State and federal policies are expected to support the growth of renewable energy, primarily from wind and solar. “New technologies will continue to drive down the cost of wind and solar generators, further increasing their competitiveness in the electricity market, even as assumed policy effects lessen over time,” the EIA reported.

The EIA said its annual outlook uses several scenarios based on what might happen in the market over the coming years. In the reference case, the agency projected that U.S. natural gas exports will rise through 2050, driven by growth in three separate: the LNG export capacity, global gas consumption and pipeline exports to Mexico and Canada.

The reference case includes the agency’s baseline assumptions about technology, policy and the economy through 2050. The reference case assumes that energy efficiency will increase, which will slow the growth of domestic U.S. consumption.
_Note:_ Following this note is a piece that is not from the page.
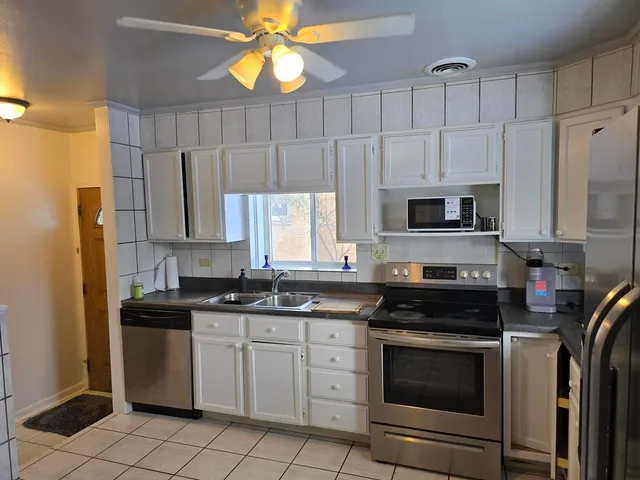 $3,200 | 7014 North Kilbourn Avenue, Lincolnwood, IL 60712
In 2021, U.S. natural gas exports reached 9.7 Bcf/d, a record high and an increase of 50% from the previous year. The EIA projected ongoing growth in natural gas exports through 2025 as LNG projects currently under construction come online. Export facilities at Sabine Pass, Calcasieu Pass and Golden Pass will likely enter service much earlier than anticipated in previous outlooks. Additional pipeline infrastructure into Mexico will also boost exports in the coming years, the EIA reported.

Beyond 2025, the EIA anticipates that natural gas production will increase to meet ongoing demand for exports, primarily through LNG. “We project global demand for U.S. natural gas to exceed current and announced LNG export capacity,” the EIA stated. “Therefore, additional LNG export facilities will be economical to build. These LNG capacity expansions, coupled with high demand for natural gas abroad.”

The EIA projected that LNG exports will increase to 5.86 trillion cubic feet (16.1 Bcf/d) by 2033 in its reference case. This, in turn, will encourage ongoing growth in U.S. production. More than half of projected U.S. natural gas production growth will come from associated gas produced from tight oil reservoirs.

Shale gas and associated natural gas from tight oil reservoirs are expected to be the primary contributors to long-term growth of U.S. natural gas production through 2050. A large portion of that additional production will come from the Wolfcamp in the Permian Basin, the Marcellus, Utica and the Haynesville basin.

Despite the expected growth in LNG exports and the growth in domestic demand, the EIA predicted the price of Henry Hub will remain below $4/MMBtu for most of the future in most scenarios envisioned by the EIA.

The oil and gas supply cases indicate that the price at Henry Hub is very sensitive to reduced supply and a little less sensitive to increased supply. In the latest International Energy Outlook 2021, the EIA projected global natural gas consumption to continue growing through 2050, in both absolute and relative terms. The growth comes in part from its economics and lower carbon emissions relative to other sources of energy, the EIA reported.